Das Technische Reglement der FIA hat für die Rücknahme des Drehmoments in Abhängigkeit von der Drehzahl eine Höchstgrenze vorgegeben. Die Motoreningenieure stehen also wie so oft vor der kniffligen Aufgabe, die Fahrer so gut wie möglich zu unterstützen und gleichzeitig innerhalb der erlaubten Grenzen zu bleiben. Lamb beschreibt, wie sich verschiedene Charakteristika in einem Mapping vereinen lassen: "Du kannst zum Beispiel einen Bereich des Gaspedalwegs auf konstantes Drehmoment abstimmen und den nächsten Teil des Wegs auf konstante Leistungsrücknahme. Dann wäre diese Abstimmung ein Mix, ein 'Torque Pedal Map' je nach den Anforderungen des Fahrers und des Autos."

Renault beginnt in Suzuka mit dem Singapur-Mapping

Interessanterweise ist das Pedal Mapping auch dann von großer Bedeutung, wenn der Pilot gar nicht auf dem Gas steht. "Nimmt der Fahrer den Fuß vom Gas, sprechen wir von der Null-Prozent-Linie", erklärt Lamb. "An dieser Linie definieren wir die Leistungsabgabe im Schiebebetrieb.

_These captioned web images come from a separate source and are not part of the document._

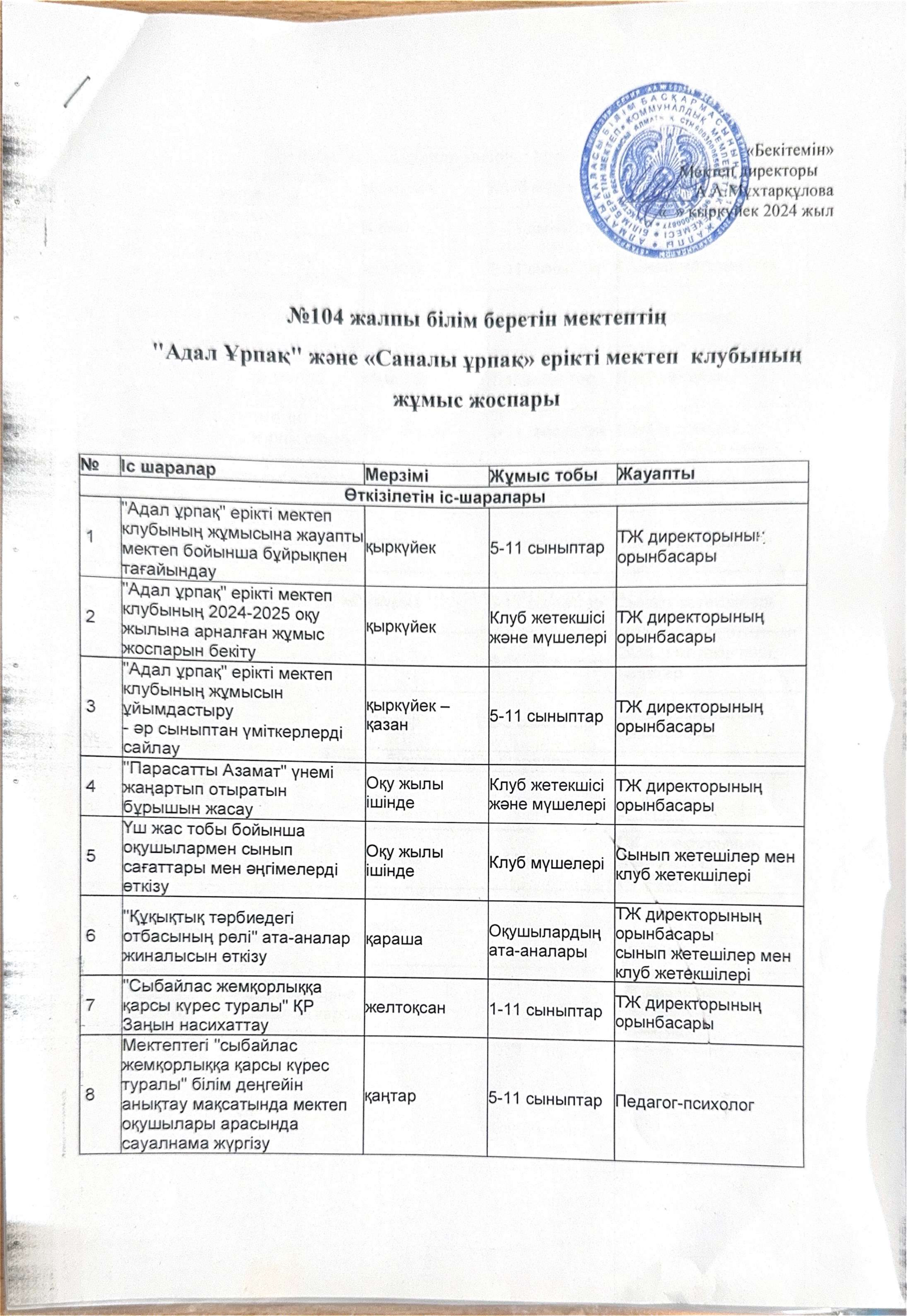 "Адал ұрпақ" және "Саналы ұрпақ" ерікті мектеп клубының жұмыс жоспары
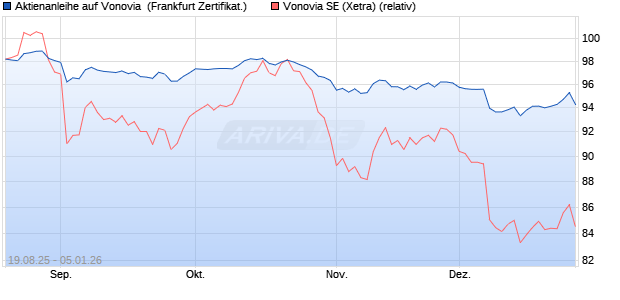 Aktienanleihe auf Vonovia [DZ BANK AG] (WKN: DU2LWC) Chart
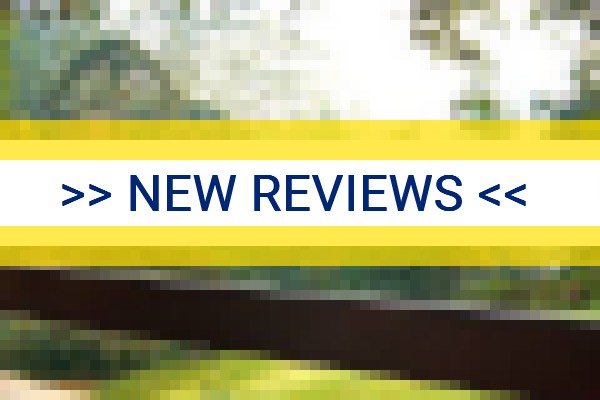 www.tijupa.com.br - check out latest independent reviews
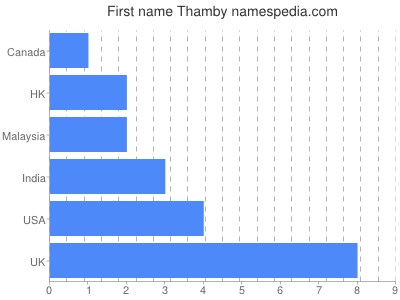 prenom Thamby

Der Motor dreht sich schließlich auch beim Bremsen weiter und produziert weiter Drehmoment - wenn auch leicht negativ. Diese Leistungsabgabe exakt einzustellen, ist äußerst wichtig, denn damit verhindern wir im Idealfall, dass die Hinterräder beim Bremsen blockieren. Es handelt sich auch hierbei um eine offene Regelschleife, ein Pseudo-Antiblockiersystem. Je mehr der Grip der abgefahrenen Reifen nachlässt, umso mehr wird ein Fahrer den Leerlauf-Schub erhöhen."

"Der Nachteil dieser Lösung ist, dass Kühlwasser und Öl weiter aufgeheizt werden und die Betriebstemperaturen steigen, statt beim Bremsen zu fallen", merkt der Motoreningenieur von Renault an. "Außerdem erhöht sie den Benzinverbrauch. Wenn du das gesamte Rennen mit dem maximalen Push fahren würdest, summiert sich der Kraftstoffbedarf allein dafür auf rund zwei Kilogramm, die du am Start mitschleppen müsstest."

Als Basis der Pedal Maps für Suzuka verwenden die Renault-Ingenieure die Abstimmungen aus Singapur. "Wir starten mit diesen Mappings, weil der Reifenverschleiß in Singapur ziemlich hoch war und wir den Anti-Wheelspin-Gradienten erhöht haben. Wenn wir mit dieser Abstimmung beginnen, fühlt sich der Motor für den Piloten erst einmal genauso an wie vor zwei Wochen", begründet Lamb diese Ausgangslage. "Dann werden wir die Mappings im Lauf der Trainingssitzungen anpassen und sie Schritt für Schritt weiterentwickeln - je nachdem, wie die Strecke an Grip zulegt und welches Feedback uns die Fahrer geben."